Dataset records:
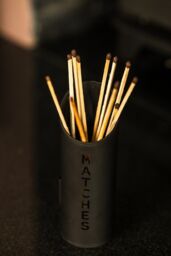 Marco Paul 3 Piece Fireside Accessories Set with Log, Kindling & Matchstick Holder in Black - thumbnail 3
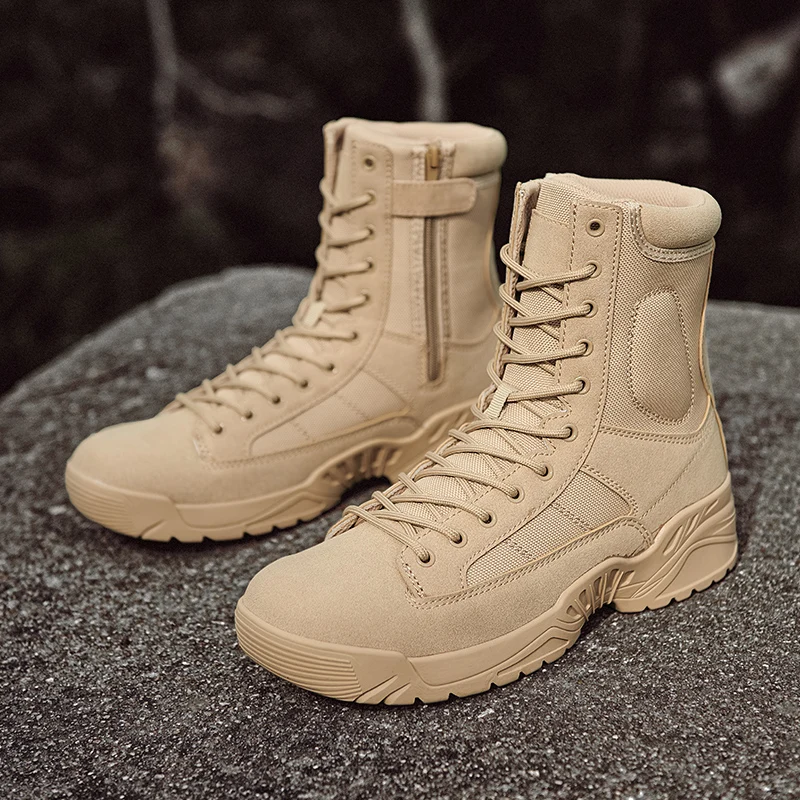 Висококачествени есенни мъжки обувки, тактически военни Спецподразделения, Водоустойчив Кожена работна обувки за пустинята, Мъжки армейските ботильоны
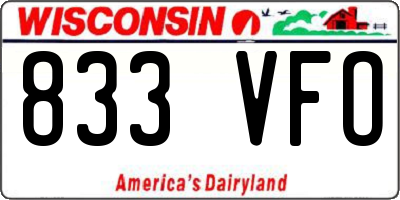 WI license plate 833VFO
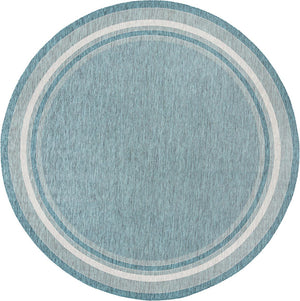 Teal 13' 1 x 13' 1 Outdoor Border Round Area Rug Weather Resistant for Patio, Deck, Terrace, Balcony, Porch 100% Polypropylene Classic Bordered Carpet for Sale at Rug Engine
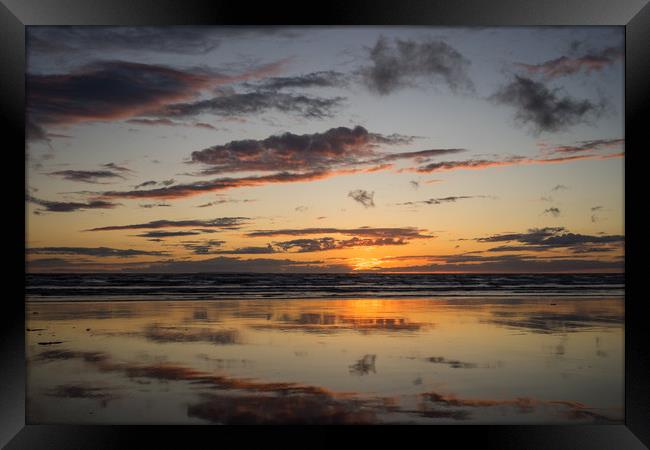 Sunset beach reflections Framed Print by Tony Twyman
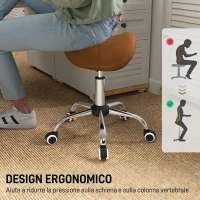 HOMCOM Sgabello da Lavoro a Sella con Ruote e Altezza Regolabile per Negozi Parrucchiere e Tattoo, 52x53x49-61cm Marrone(m-7)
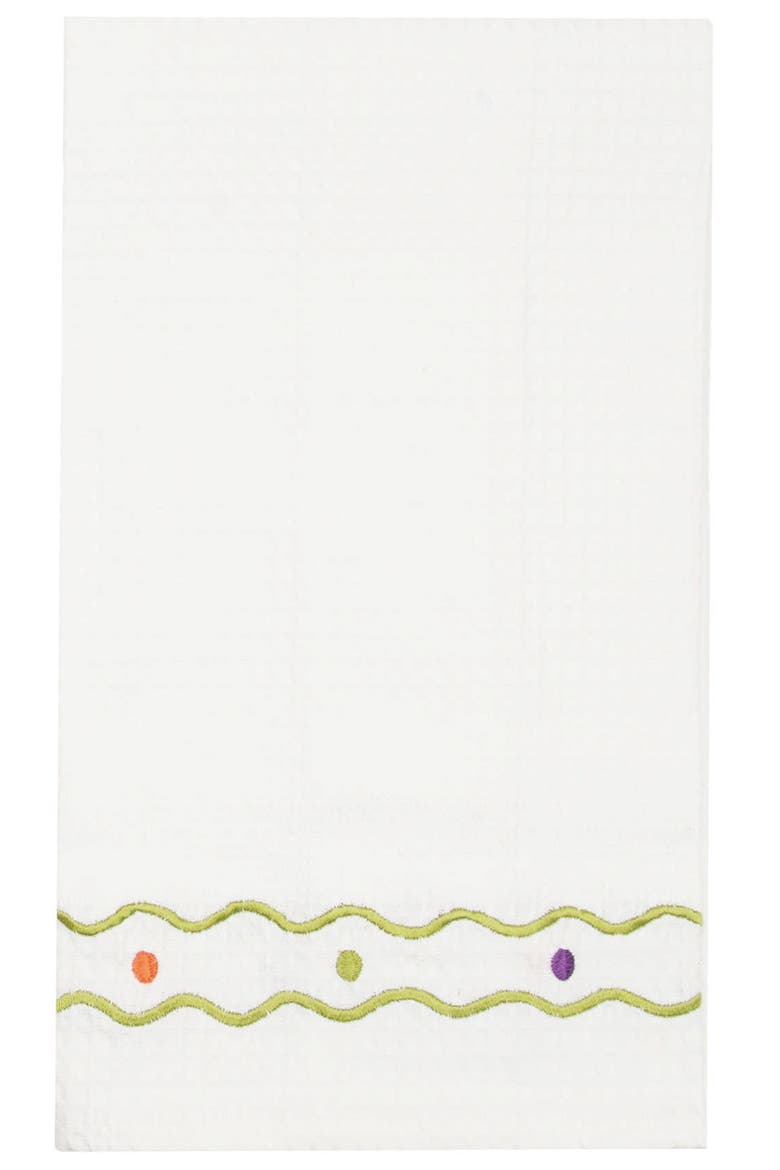 Ms. Candy Witch Hat Embroidered 100% Cotton Flour Sack Halloween Dishtowel, Alternate, color, White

Exercise prompt: The copy should hold every entry above word for word and none of the pictures.

Result for this exercise:
 Marco Paul 3 Piece Fireside Accessories Set with Log, Kindling & Matchstick Holder in Black - thumbnail 3
 Висококачествени есенни мъжки обувки, тактически военни Спецподразделения, Водоустойчив Кожена работна обувки за пустинята, Мъжки армейските ботильоны
 WI license plate 833VFO
 Teal 13' 1 x 13' 1 Outdoor Border Round Area Rug Weather Resistant for Patio, Deck, Terrace, Balcony, Porch 100% Polypropylene Classic Bordered Carpet for Sale at Rug Engine
 Sunset beach reflections Framed Print by Tony Twyman
 HOMCOM Sgabello da Lavoro a Sella con Ruote e Altezza Regolabile per Negozi Parrucchiere e Tattoo, 52x53x49-61cm Marrone(m-7)
 Ms. Candy Witch Hat Embroidered 100% Cotton Flour Sack Halloween Dishtowel, Alternate, color, White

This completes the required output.